When I had chemo in 2005, it was 'required' before herceptin treatments. My onc. questioned the need for chemo for me because of my statistics, and at that time she had to prescribe the herceptin "off label" because it was not yet approved for early stage BC. Times are changing rapidly thanks to research and test studies. I am so grateful to all of the participants in these studies, and the $$ for research that is making all of these remarkable advances in treatment. In 2005 when I was dx'd the first onc. told me basically that Her2 +++was a 'death sentence'. And just recently I read that early stage BC, Her2+++, treated with herceptin may be the first type of breast cancer that doctors can say is 'cured'. Never give up!!!

Love this study!

It truly shows the effectiveness of the Tykerb Herceptin combination. Now there are more options to put with it.

I can't wait to see studies come out with other targeted therapies.

Is there a study yet with TDM1 and Tykerb? Or Pertuzumaub, Herceptin and Tykerb?

I have been waiting for studies with neoadjuvant treatments with targeted therapies. I can't wait until the day when chemo, surgery and radiation fade into medical history . . . !

Hi Basilic. I am also on the study. Im at Baylor. Started late July. I get my 4th dose of Herceptin next Tuesday. I'm receiving the tykerb/herceptin combo for 6 months. Did you receive the combo for 3 or 6 months? Your results are phenomenal. I hope I experience the same. My tumor has decreased in size to almost half so far. It was 6cm when measured by hand...I rather go by my MRI and say I started at 5cm :) I know I have one positive node. I'll finish the study end of December...then surgery, chemo, rads.
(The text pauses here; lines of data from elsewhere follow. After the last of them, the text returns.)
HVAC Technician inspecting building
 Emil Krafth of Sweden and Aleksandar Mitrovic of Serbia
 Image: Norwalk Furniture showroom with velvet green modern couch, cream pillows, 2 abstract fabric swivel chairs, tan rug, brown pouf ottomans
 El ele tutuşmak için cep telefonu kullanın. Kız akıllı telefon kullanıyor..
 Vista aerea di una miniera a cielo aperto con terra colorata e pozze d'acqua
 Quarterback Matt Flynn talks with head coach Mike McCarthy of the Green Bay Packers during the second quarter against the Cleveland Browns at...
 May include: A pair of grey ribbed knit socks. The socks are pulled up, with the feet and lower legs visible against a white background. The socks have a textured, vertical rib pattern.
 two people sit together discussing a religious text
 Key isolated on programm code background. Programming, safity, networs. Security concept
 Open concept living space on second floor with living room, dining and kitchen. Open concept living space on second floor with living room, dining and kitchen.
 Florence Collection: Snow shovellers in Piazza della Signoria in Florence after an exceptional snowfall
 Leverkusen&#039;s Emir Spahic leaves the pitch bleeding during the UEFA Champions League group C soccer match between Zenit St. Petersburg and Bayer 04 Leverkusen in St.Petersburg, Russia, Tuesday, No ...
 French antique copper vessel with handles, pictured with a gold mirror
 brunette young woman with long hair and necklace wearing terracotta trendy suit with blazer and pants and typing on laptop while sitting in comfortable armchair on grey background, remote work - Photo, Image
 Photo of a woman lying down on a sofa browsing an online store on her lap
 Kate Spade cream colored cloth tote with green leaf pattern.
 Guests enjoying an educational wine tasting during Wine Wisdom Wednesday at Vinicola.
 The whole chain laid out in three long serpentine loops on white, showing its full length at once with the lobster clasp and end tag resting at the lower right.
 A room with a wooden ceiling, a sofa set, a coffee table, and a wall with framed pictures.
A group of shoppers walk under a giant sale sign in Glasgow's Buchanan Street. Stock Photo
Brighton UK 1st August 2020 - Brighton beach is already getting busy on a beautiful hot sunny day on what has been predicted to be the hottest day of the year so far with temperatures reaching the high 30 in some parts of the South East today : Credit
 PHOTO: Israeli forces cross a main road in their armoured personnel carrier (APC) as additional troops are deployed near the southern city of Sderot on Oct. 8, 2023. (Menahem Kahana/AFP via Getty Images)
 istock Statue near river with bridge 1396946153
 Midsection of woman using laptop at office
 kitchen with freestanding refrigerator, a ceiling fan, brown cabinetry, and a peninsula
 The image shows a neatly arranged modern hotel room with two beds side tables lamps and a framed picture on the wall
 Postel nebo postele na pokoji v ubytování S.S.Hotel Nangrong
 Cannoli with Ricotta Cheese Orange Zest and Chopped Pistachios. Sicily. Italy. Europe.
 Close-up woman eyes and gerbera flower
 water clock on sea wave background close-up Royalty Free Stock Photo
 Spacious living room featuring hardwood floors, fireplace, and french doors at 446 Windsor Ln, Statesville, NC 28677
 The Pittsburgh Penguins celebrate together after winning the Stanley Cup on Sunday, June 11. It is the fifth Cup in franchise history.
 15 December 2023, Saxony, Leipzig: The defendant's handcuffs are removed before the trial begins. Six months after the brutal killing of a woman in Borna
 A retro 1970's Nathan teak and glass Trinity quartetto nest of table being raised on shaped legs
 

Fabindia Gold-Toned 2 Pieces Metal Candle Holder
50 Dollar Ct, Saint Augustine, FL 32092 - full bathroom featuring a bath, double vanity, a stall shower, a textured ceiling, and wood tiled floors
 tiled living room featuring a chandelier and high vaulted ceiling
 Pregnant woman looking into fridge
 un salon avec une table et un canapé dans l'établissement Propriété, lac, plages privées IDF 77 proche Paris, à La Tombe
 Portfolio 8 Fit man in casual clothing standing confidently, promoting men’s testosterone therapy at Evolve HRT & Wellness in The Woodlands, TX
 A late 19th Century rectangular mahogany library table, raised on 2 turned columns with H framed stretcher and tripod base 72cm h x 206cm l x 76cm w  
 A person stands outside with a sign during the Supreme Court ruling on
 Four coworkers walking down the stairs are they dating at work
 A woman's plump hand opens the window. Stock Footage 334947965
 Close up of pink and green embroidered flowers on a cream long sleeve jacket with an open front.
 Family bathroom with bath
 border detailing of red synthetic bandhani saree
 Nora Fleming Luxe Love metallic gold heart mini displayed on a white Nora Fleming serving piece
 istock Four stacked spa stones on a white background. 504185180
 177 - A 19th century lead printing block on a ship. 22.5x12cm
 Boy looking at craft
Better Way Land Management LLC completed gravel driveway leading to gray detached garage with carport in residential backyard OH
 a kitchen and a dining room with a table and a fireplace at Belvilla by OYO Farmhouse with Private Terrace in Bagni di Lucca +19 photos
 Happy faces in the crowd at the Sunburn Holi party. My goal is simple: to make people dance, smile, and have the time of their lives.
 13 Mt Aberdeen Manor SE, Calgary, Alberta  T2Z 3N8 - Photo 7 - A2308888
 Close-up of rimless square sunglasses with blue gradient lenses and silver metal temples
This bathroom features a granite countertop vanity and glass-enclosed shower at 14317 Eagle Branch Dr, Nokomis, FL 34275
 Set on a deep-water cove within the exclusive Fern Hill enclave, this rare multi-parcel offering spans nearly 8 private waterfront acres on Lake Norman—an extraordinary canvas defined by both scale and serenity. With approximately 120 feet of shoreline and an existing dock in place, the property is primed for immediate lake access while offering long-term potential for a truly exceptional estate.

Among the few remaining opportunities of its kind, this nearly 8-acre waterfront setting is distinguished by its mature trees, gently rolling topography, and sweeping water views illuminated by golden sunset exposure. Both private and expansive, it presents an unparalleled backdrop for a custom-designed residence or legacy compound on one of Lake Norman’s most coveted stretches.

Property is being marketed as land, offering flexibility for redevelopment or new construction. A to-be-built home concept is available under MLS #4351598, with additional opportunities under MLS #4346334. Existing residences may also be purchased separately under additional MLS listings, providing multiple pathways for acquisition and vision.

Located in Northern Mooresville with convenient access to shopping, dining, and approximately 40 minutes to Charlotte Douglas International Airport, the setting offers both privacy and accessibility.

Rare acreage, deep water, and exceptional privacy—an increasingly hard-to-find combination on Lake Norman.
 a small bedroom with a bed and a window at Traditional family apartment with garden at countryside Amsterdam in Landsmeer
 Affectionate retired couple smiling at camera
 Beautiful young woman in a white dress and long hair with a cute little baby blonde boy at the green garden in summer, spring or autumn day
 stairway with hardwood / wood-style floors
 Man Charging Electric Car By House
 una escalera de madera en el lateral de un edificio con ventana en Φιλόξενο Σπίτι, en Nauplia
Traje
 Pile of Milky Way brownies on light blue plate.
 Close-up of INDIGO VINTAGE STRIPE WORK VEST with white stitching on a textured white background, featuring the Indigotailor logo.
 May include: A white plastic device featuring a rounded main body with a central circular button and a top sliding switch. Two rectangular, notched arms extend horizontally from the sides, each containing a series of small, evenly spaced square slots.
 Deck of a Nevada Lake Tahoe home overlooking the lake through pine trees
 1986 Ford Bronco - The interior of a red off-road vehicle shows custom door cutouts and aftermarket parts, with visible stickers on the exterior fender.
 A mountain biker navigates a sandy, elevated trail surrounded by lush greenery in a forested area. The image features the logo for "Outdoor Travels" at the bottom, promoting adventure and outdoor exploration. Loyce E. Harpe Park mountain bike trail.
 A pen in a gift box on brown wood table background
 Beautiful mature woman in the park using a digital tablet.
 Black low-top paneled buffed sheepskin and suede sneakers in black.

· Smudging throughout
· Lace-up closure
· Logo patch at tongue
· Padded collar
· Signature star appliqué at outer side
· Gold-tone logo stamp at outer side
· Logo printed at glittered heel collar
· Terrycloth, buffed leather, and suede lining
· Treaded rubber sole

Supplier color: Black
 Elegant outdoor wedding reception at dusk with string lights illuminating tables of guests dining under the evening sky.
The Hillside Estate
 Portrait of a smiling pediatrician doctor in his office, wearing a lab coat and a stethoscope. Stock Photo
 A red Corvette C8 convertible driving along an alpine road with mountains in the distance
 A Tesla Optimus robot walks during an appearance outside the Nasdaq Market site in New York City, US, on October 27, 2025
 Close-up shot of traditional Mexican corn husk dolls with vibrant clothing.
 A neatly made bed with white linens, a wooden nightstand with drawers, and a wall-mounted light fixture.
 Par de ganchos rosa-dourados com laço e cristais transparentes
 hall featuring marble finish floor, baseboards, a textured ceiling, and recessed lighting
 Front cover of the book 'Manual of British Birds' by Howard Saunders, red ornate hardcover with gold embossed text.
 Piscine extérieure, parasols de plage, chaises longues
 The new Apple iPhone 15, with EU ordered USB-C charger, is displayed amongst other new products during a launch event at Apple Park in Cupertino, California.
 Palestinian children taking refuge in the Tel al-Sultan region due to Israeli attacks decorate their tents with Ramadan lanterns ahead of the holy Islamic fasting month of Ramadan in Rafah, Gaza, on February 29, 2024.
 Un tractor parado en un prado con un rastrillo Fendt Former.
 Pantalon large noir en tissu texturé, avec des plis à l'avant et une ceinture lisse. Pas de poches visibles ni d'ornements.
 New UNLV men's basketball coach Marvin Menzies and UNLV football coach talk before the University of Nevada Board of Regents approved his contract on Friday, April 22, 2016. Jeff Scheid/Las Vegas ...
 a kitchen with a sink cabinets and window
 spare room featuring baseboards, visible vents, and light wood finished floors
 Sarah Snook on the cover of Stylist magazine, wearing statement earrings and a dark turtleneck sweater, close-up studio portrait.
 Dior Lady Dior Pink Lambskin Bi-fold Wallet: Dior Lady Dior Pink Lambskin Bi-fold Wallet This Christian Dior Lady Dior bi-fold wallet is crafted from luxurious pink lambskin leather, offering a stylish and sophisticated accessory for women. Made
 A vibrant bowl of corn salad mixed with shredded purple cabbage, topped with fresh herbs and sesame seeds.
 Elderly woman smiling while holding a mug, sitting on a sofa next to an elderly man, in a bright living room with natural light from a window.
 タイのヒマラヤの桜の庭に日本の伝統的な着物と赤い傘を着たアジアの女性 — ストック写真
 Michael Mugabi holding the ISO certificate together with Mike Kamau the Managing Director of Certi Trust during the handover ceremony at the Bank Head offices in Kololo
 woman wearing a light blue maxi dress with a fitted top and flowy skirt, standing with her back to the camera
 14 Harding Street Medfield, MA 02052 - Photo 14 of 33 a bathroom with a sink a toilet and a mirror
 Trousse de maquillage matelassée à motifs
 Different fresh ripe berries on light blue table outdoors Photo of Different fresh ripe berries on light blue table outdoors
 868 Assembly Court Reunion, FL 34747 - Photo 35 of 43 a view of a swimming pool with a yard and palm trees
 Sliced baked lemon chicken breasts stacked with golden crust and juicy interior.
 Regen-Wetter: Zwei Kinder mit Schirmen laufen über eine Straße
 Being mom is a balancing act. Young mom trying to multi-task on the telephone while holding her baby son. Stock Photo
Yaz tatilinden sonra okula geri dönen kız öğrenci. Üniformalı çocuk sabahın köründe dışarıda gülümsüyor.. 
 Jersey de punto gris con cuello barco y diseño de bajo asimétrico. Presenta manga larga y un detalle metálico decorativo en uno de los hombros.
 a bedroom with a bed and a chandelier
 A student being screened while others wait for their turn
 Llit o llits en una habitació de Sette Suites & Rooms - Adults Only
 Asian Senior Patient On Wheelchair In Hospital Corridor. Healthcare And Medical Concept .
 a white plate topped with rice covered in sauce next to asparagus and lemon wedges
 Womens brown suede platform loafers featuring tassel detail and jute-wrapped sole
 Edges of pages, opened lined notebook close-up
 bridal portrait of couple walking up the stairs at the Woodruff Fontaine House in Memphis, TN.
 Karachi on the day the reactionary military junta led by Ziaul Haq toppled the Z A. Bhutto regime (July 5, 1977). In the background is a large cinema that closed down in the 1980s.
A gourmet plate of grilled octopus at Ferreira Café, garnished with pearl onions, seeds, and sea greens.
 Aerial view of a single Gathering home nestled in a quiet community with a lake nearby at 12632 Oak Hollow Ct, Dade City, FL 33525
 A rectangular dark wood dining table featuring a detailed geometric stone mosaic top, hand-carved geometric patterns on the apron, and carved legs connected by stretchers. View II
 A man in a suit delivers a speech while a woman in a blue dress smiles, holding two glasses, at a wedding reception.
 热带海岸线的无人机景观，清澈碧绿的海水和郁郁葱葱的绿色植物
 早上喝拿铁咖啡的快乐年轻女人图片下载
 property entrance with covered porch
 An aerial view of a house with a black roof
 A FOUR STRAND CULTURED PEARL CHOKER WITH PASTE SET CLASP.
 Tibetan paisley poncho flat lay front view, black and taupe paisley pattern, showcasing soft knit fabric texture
I was wondering if I would run into anyone else on this study. I am also at BCM. I was selected for 24 weeks and unlike chemo, it got easier as time went along. I bought a big bottle of Imodium thinking I would be taking it on a regular basis but by the end of 6 months I had used less than a dozen.

The measurements from the MRI were 2cm larger than what was measured by hand.

So far I've only had to use the Immodium once. I started probiotics twice a day...not sure if that's the reason I haven't experienced too much of GI side effects. Sounds like You had excellent results. And thats before chemo. Im not looking forward to chemo at all. But i wanna get this crap over with.
I've seemed to have the worst side effects from the femera & lupron. started getting hot flashes & they are awful. Can't sleep. Have tried neurontin (didn't work), Effexor (made me depressed). Just started clonidine 2 days ago....no help yet.
It's insane that 2 months ago I was feeling old cuz I was turning 39. What an idiot!!!

I used the immodium more at the beginning because the study coordinator told me that I should take it as soon as I saw need. But then I wouldn't go for a couple days so decided to wait and see if I repeated loose stools before jumping on the imodium and then found I usually didn't need to take it.

I was ER/PR negative so didn't need hormone inhibitors. Right now I have trouble falling to sleep due to the prednisone they give me in a cocktail with antinausea meds before tarting the chemo.